AB128. SOH26AB_0221. Systematic review on the rate of post-operative infections in patients taking Janus kinase inhibitors for the treatment of inflammatory bowel disease
Systematic Reviews Session

AB128. SOH26AB_0221. Systematic review on the rate of post-operative infections in patients taking Janus kinase inhibitors for the treatment of inflammatory bowel disease

Mariam Ahmed, Oisin O’Donnell, Eimear Roche, Mark Regan

Department of General Surgery, University Hospital Galway, Galway, Ireland


Background: Treatment modalities for inflammatory bowel disease (IBD) continue to advance with new therapies being introduced, including Janus kinase inhibitors (JAKi) for acute flares of ulcerative colitis (UC) and Crohn’s disease (CD), as well as maintenance therapy. However, data regarding their safety in the perioperative setting remain limited. This study aimed to present a systematic review, focusing on rates of post-op infections in patients taking a JAKi undergoing surgery.

Methods: A systematic review was conducted in accordance with Preferred Reporting Items for Systematic Reviews and Meta-Analyses (PRISMA) guidelines. It included search terms in combination of “IBD” OR “inflammatory bowel disease” AND “tofacitinib” OR “filgotinib” OR “upadacitinib” AND “post-operative infections” across PubMed, Cochrane Library, and Scopus, with assessment of texts for post-operative complications in patients on a JAKi. All texts were screened individually by two separate people, with a third reviewer to settle disputes to avoid bias.

Results: Our final search allowed six full texts with a total of 260 patients treated with JAKi, of which 181 underwent surgery while receiving a JAKi. Our results did not show an increased risk of post-operative infections in patients taking a JAKi compared with those not on a JAKi, or those on alternative treatment for IBD

Conclusions: Current evidence does not demonstrate an increased risk of post-op infections in patients undergoing surgery while on a JAKi, with similar rates of post-op infections between JAKi-treated and control cohorts. This must be interpreted cautiously. Larger, well-designed prospective studies are needed to clarify the perioperative safety profile of JAK inhibitors in surgical IBD populations.
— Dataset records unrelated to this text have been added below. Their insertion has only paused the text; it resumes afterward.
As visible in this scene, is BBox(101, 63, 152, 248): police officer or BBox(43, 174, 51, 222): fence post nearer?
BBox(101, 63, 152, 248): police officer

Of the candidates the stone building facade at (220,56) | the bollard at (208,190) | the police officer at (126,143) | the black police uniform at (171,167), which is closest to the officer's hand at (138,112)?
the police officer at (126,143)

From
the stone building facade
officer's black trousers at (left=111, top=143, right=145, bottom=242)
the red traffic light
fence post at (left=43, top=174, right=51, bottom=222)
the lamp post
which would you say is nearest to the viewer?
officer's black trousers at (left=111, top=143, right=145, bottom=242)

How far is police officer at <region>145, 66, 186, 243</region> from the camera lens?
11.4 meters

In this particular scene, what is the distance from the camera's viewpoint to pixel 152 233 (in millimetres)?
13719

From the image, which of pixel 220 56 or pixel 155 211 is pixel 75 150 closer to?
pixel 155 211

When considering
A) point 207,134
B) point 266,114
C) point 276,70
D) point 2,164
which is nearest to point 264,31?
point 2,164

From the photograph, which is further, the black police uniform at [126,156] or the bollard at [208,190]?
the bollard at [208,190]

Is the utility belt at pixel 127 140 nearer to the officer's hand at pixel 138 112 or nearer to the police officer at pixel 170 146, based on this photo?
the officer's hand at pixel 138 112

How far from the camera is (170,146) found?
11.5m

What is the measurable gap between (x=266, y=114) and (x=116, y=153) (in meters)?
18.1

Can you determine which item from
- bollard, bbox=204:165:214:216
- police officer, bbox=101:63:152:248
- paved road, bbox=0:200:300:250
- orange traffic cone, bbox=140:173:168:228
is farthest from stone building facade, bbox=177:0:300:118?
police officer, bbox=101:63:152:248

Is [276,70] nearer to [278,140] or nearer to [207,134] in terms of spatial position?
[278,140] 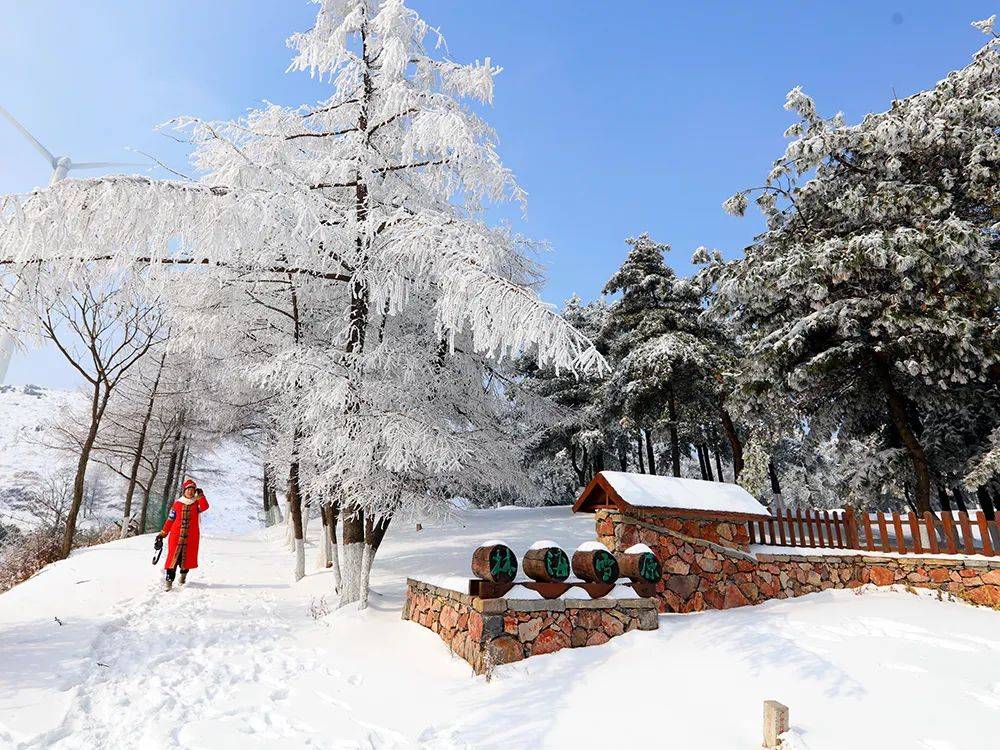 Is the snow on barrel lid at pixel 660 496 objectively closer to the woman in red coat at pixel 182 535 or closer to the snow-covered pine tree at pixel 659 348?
the woman in red coat at pixel 182 535

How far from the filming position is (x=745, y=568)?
30.9ft

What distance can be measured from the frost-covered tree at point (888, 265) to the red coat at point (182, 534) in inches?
496

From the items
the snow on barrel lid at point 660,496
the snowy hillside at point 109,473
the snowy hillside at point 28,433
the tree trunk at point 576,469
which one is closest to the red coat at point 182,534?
the snow on barrel lid at point 660,496

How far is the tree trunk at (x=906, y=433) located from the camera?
12.4 m

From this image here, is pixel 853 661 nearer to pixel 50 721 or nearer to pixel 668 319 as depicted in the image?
pixel 50 721

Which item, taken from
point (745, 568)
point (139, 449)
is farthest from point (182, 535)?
point (139, 449)

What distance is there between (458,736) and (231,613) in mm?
4969

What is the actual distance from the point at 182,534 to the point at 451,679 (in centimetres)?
617

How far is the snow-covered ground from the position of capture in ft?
14.2

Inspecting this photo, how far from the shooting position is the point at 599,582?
6875 millimetres

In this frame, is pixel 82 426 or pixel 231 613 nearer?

Keywords: Inflammatory bowel disease (IBD); Janus kinase inhibitors (JAKi); post-operative infections; tofacitinib; upadacitinib


Acknowledgments

None.


Footnote

Funding: None.

Conflicts of Interest: The authors have no conflicts of interest to declare.

Ethical Statement: The authors are accountable for all aspects of the work in ensuring that questions related to the accuracy or integrity of any part of the work are appropriately investigated and resolved.

Open Access Statement: This is an Open Access article distributed in accordance with the Creative Commons Attribution-NonCommercial-NoDerivs 4.0 International License (CC BY-NC-ND 4.0), which permits the non-commercial replication and distribution of the article with the strict proviso that no changes or edits are made and the original work is properly cited (including links to both the formal publication through the relevant DOI and the license). See: https://creativecommons.org/licenses/by-nc-nd/4.0/.


doi: 10.21037/map-26-ab128
Cite this abstract as: Ahmed M, O’Donnell O, Roche E, Regan M. AB128. SOH26AB_0221. Systematic review on the rate of post-operative infections in patients taking Janus kinase inhibitors for the treatment of inflammatory bowel disease. Mesentery Peritoneum 2026;10:AB128.